Q: Do you believe that Jesus was the son of God? Do you believe that Jesus died on the cross to save us from our sins? If not, then this is not Christianity.
A: Yes, students of The Urantia Book do recognize that Jesus was the Son of God as well as being the Son of Man. Which of these two qualifications is more meaningful? Each of us is a son of God–that was one of Jesus’ primary teachings, the value of the individual, and that while God is no respecter of persons, we’re each equally important to our Father in heaven. Christianity tends to emphasize the teaching that Jesus was a Son of God, neglecting the equally valuable realization that Jesus was also a Son of Man and neglecting to emphasize that we too are sons of God, not in the same sense that Jesus was but in a sense that is equally as cherished and loved by God the father.

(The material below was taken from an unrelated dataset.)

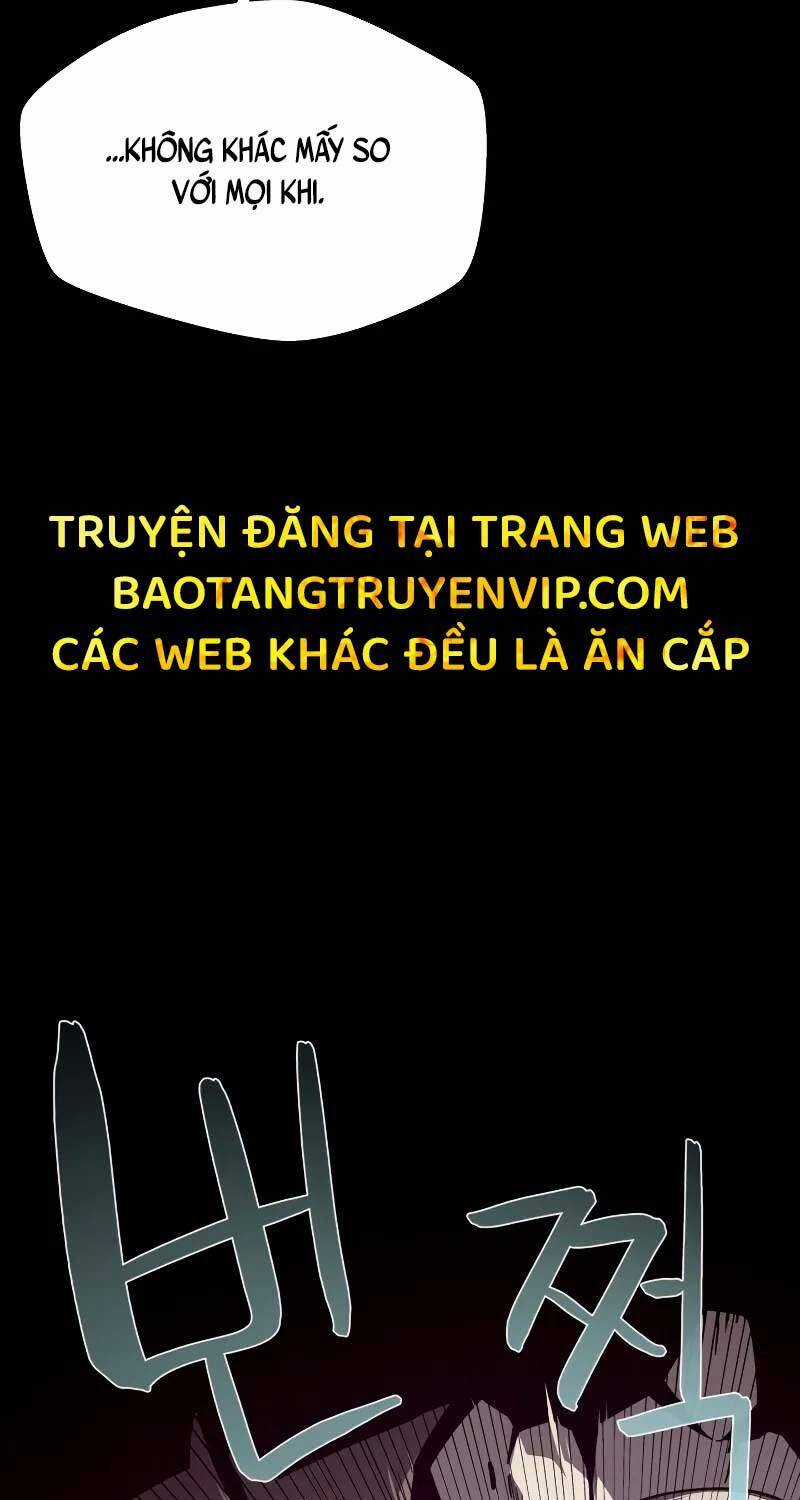 Hồi Ức Trong Ngục Tối Chương 104 trang 70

By Jesus taking on the role of Son of Man he acknowledged that he would live a life in the flesh just as we mortals do. Although having a pre-existent divine existence before becoming a mortal, he accepted status as a mortal of the realm, was subject to the same vicissitudes of life that mortals are subject to, lived life as we do. Jesus was human as well as divine.

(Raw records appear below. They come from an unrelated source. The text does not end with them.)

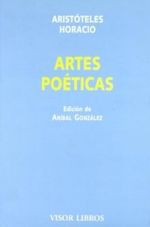 ARTES-POETICAS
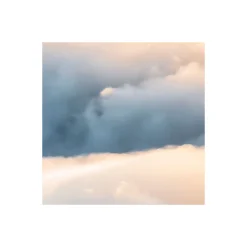 Komar  Vlies Fototapete Soul of Light 400x250 cm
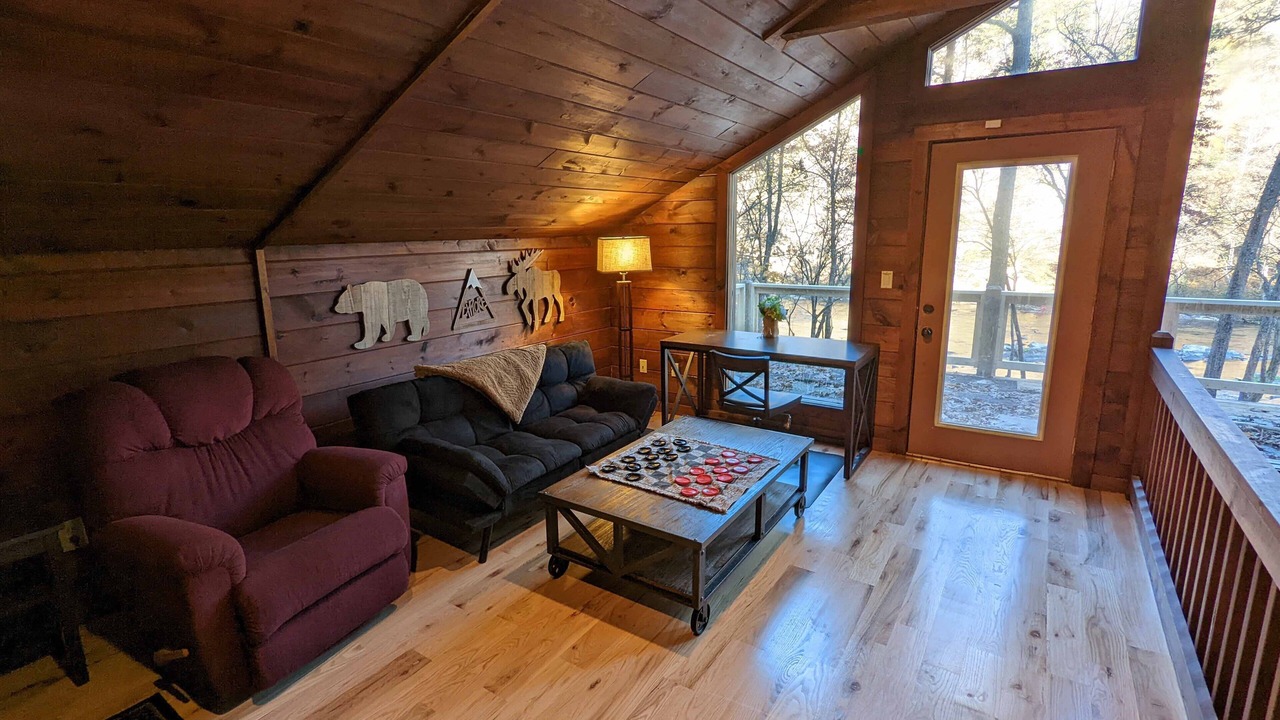 Photo of Others in Ellijay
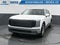 2026 Hyundai PALISADE SEL Premium 8 Passenger AWD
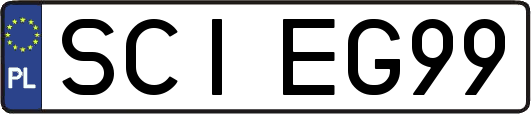 SCIEG99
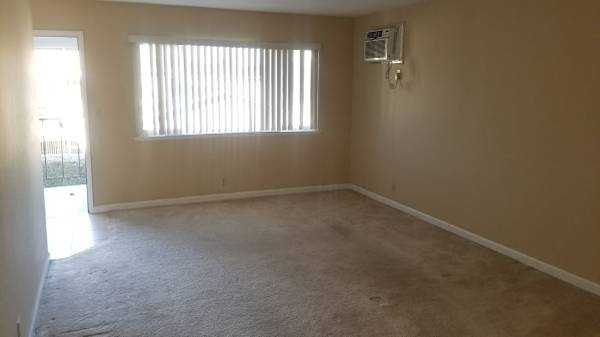 2BR/2BA Apartment on Bertini Ct · San Jose photo 3
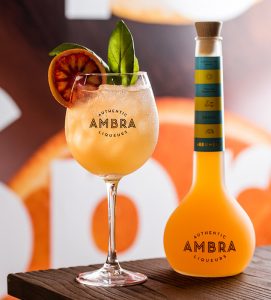 Ambra Liqueurs - Australia Shopping 6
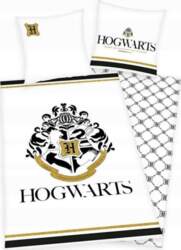 Herding Harry Potter Hogwarts    100 procent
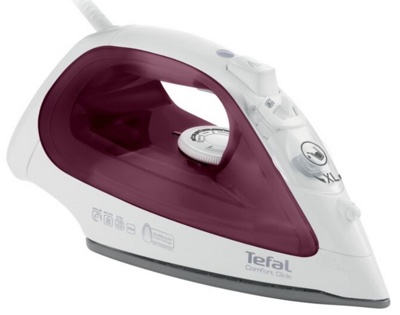 Tefal FV2683E0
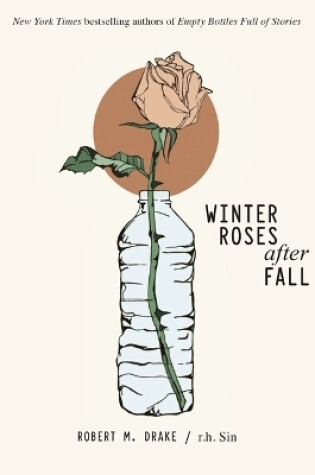 Cover of Winter Roses after Fall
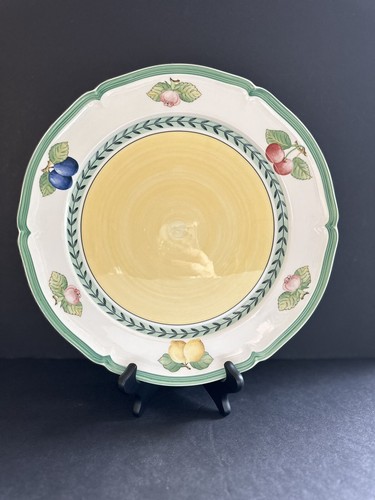 Villeroy boch french garden - boch,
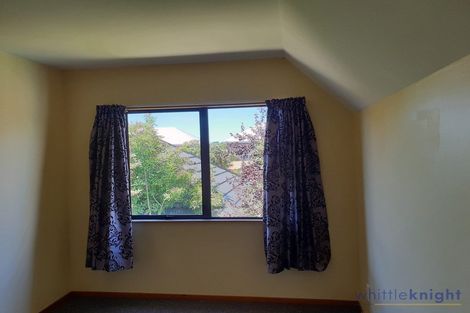 Photo of property in 12 Elizabeth Street, Riccarton, Christchurch, 8011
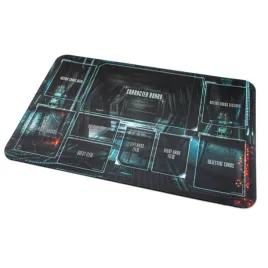 mata-do-gry-nemesis-planszetka-gracza-wersja-angielska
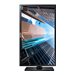 Samsung S22E450D 21.5inchled1920x1080250cdm2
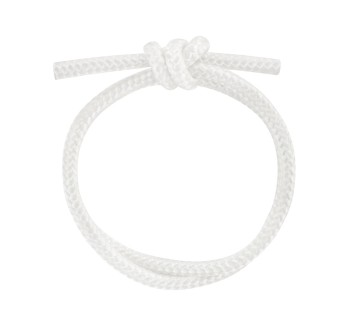 Zamjenska uzica za dereze  Petzl CORD-TEC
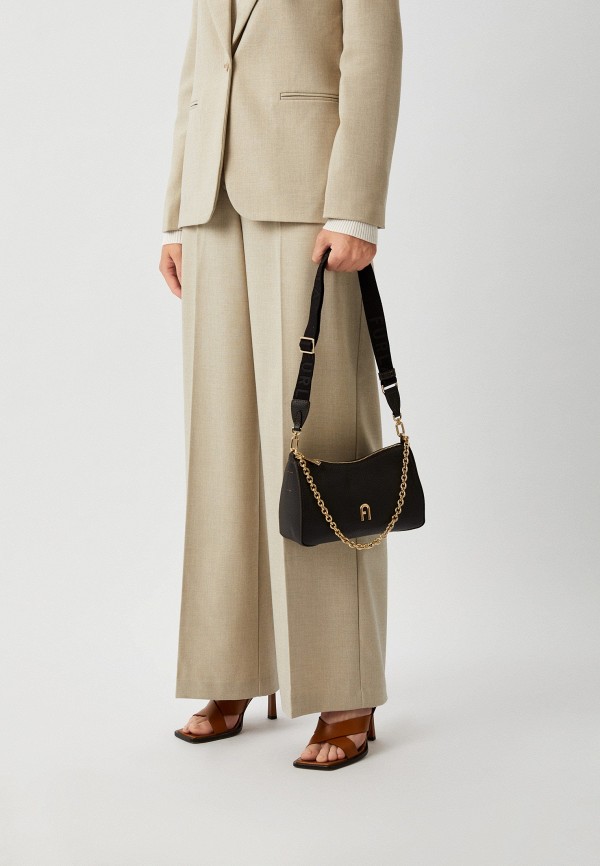 Furla Сумка - FURLA PRIMULA MINI C.BODY DOUBLE STRAP - фото 5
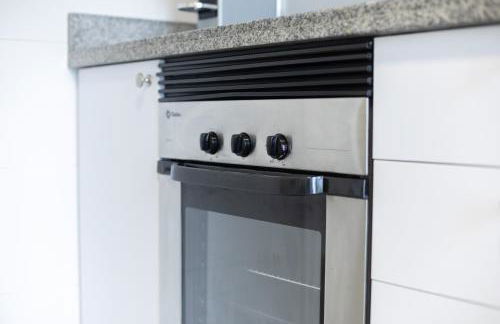 El Cabañal - Familiar - Foto 29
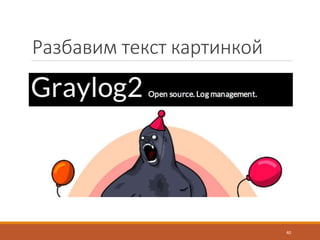 Разбавим текст картинкой
40
 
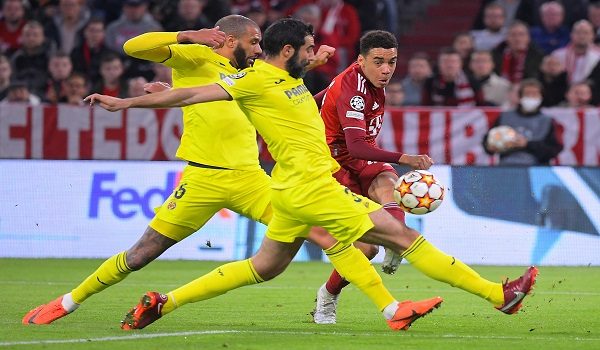 1304_UCL_VILLAREAL_1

Students of The Urantia Book do not believe that Jesus died on the cross to save us from our sins; we do not accept the Christian atonement dogma that proposes that God required a human/divine sacrifice in order to be appeased. We hold the Father in heaven in much higher regard than such a primitive anthropomorphized opinion casts. As the Son of Man, Jesus submitted to torture and a barbaric death, not because God willed it but as a way of making the continuity of life after death undeniable.
Not only did he teach that death was not the end of existence, that in his Father’s house are many mansions where he has prepared a place for us, but he manifested this teaching by returning from death. This, and not that he died for sins, is the great gift Jesus has given to humanity for all time that has been lost to much of Christian theology.
You concluded by saying “If not, then this is not Christianity.” Exactly. The Urantia Book is a new revelation of truth, not an amplification of Christianity nor of any other religion on earth. The Urantia Book does not claim to be Christian; it does claim to be Jesusonian — to be an accurate restatement of Jesus’ life and teachings devoid of religious dogma.”